Pydantic, TypedDict, dataclasses, JSON schema, etc. There are many formats that could potentially generate iceberg schemas. It's not entirely obvious to me that pyiceberg should not implement APIs for working with these. Though adding pydantic as an extra dependency should not be necessary to install pyiceberg in my opinion (maybe it could be optional).
Working with pyarrow schemas is kinda low level. It increases the work required on users to define their iceberg schemas. Providing a more high level API that automatically generates iceberg schemas from their existing model representations would definitely be useful.
I've been working a lot with those recently. Happy to help.
@choucavalier started playing with your lib and seems like generally what I was looking for, ran into issues around UUID (opened issues there and duckdb).
Locally I integrated into my own base model, not sure if it would make sense to pull into pyiceberg and expose that way or not? e.g.
class IcebergBaseModel(BaseModel):
def model_dump_arrow(self):
"""
Serialize schema for arrow compatibility.
Uses model_dump() and converts UUID to bytes.
"""
res = {}
for k, v in self.model_dump().items():
# convert uuid to bytes (pyarrow 19+).
res[k] = v.bytes if is_valid_uuid(v) else v
return res
@classmethod
def model_arrow_schema(cls):
"""
Generate a pyarrow schema from pydantic schema.
Returns:
The pyarrow schema.
"""
return get_pyarrow_schema(cls, allow_losing_tz=True)
------
from pyiceberg import IcebergBaseModel
class MySchema(IcebergBaseModel):
id: uuid.UUID
Type mapping is notoriously difficult.

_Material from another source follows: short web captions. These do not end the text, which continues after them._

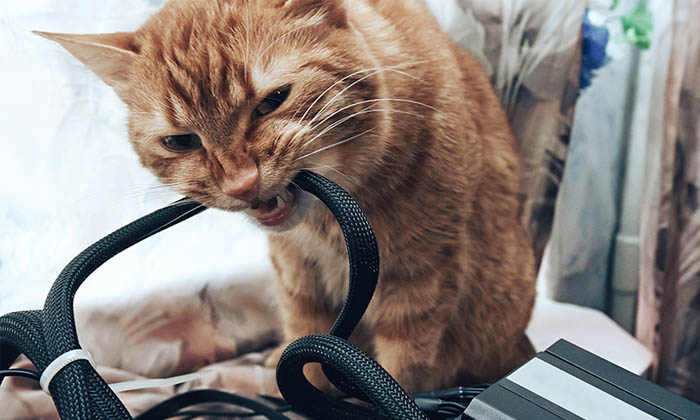 iti dezveti pisica sa mai roada cablurile
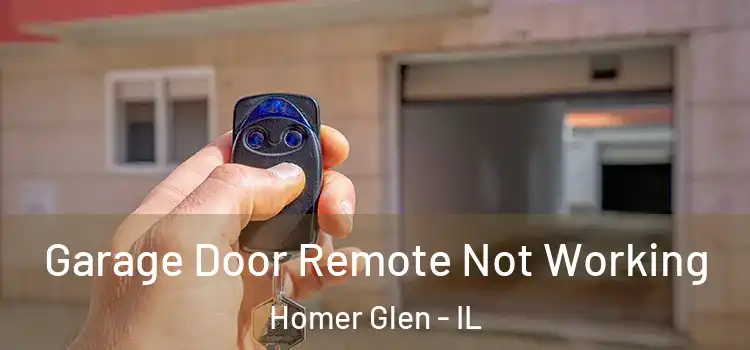  Garage Door Remote Not Working Homer Glen - IL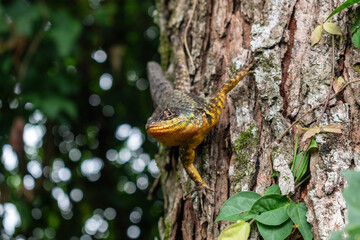 Tree-Dwelling Iguana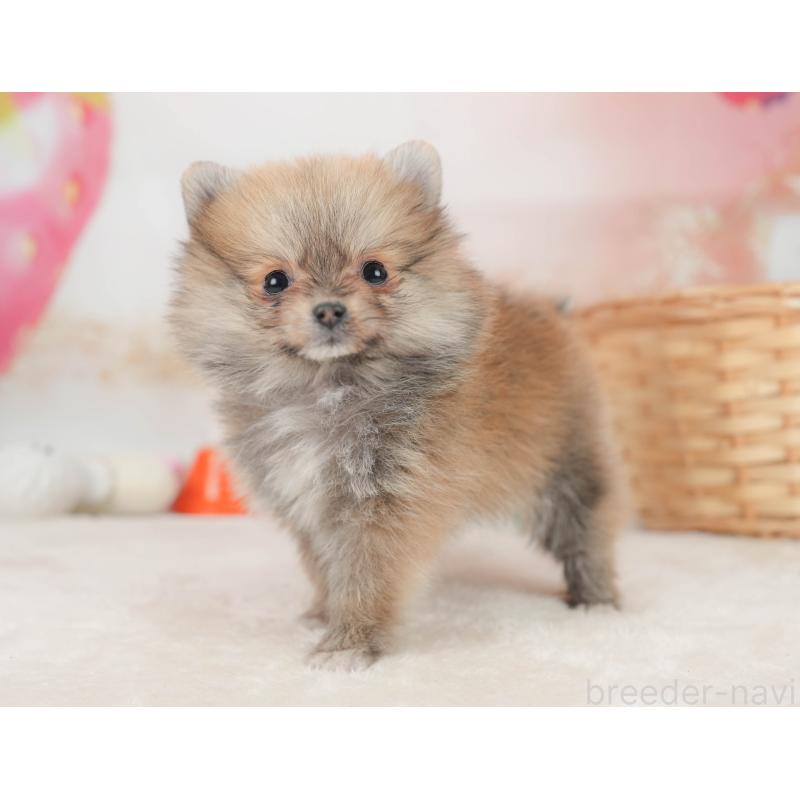 販売中の栃木県のポメラニアン-445821の9枚目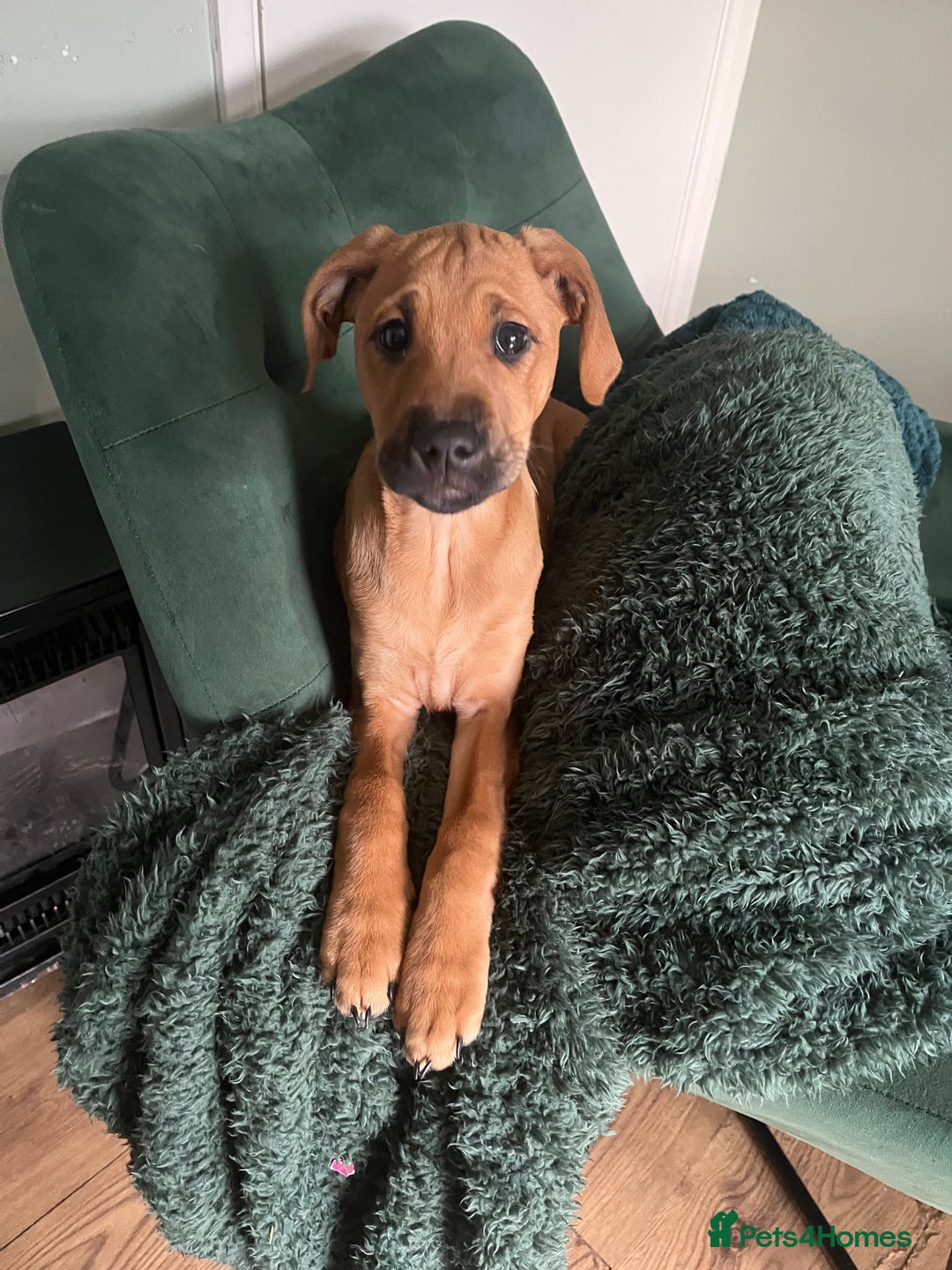 Springador dogs for sale: Lab mix puppy  - Advert 1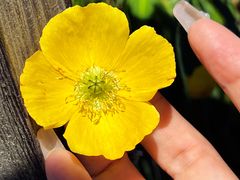 -白草畔自然风景区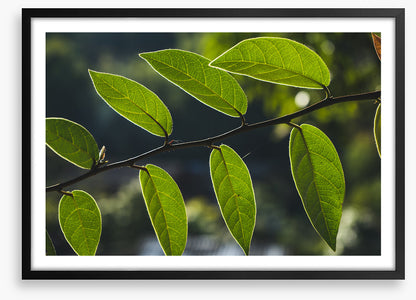 Leaves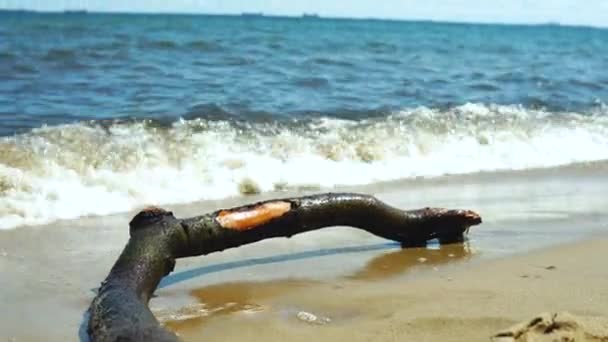 Ένα Κλαδί Απλώνεται Στην Ακτή Νερό Πλένει Δέντρο Μια Αμμώδη — Αρχείο Βίντεο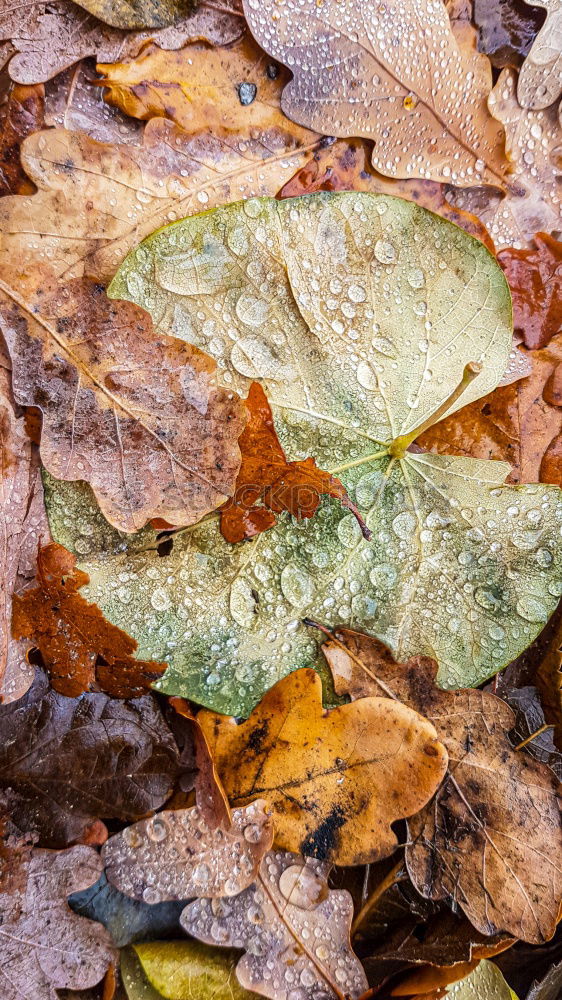 Similar – Image, Stock Photo toad migration Meadow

Since we already support bidirectional interchange between pyarrow schema and iceberg schema, i think it would be easier if we can map pydantic schema to pyarrow schema and then go from pyarrow schema to iceberg schema. wdyt?
can we just leverage that pydantic-to-pyarrow lib and apply the conversion here for pydantic case: https://github.com/apache/iceberg-python/blob/main/pyiceberg/catalog/init.py#L742-L758
@jim-ngoo so from Dx perspective we should just pass in a pydantic schema as e.g. catalog.create_table('mytable', schema=MyPydanticModel)? That would be nice
@jim-ngoo so from Dx perspective we should just pass in a pydantic schema as e.g.
catalog.create_table('mytable', schema=MyPydanticModel)? That would be nice
I think so, tho I am not sure if we can just include the pydantic-to-pyarrow lib inside pyiceberg.
@jim-ngoo so from Dx perspective we should just pass in a pydantic schema as e.g.
catalog.create_table('mytable', schema=MyPydanticModel)? That would be niceI think so, tho I am not sure if we can just include the
pydantic-to-pyarrowlib inside pyiceberg.
Hi! I wrote (most of) the pydantic-to-pyarrow library. Happy to help with integration if needed. Existing code is so-so, partly due to stumbling across different ways different python versions treat different types.
As noted above, type mapping has a bunch of corner cases - even with the pyarrow implementation, I'm seeing odd beahvior with pa.uuid() (I'll raise in a separate issue). I'm sure the pyiceberg user base would bump into a lot more of these than the small number of users for pydantic-to-pyarrow. But pydantic is now so widely used, maybe it's worth hammering out those issues?
This issue has been automatically marked as stale because it has been open for 180 days with no activity. It will be closed in next 14 days if no further activity occurs. To permanently prevent this issue from being considered stale, add the label 'not-stale', but commenting on the issue is preferred when possible.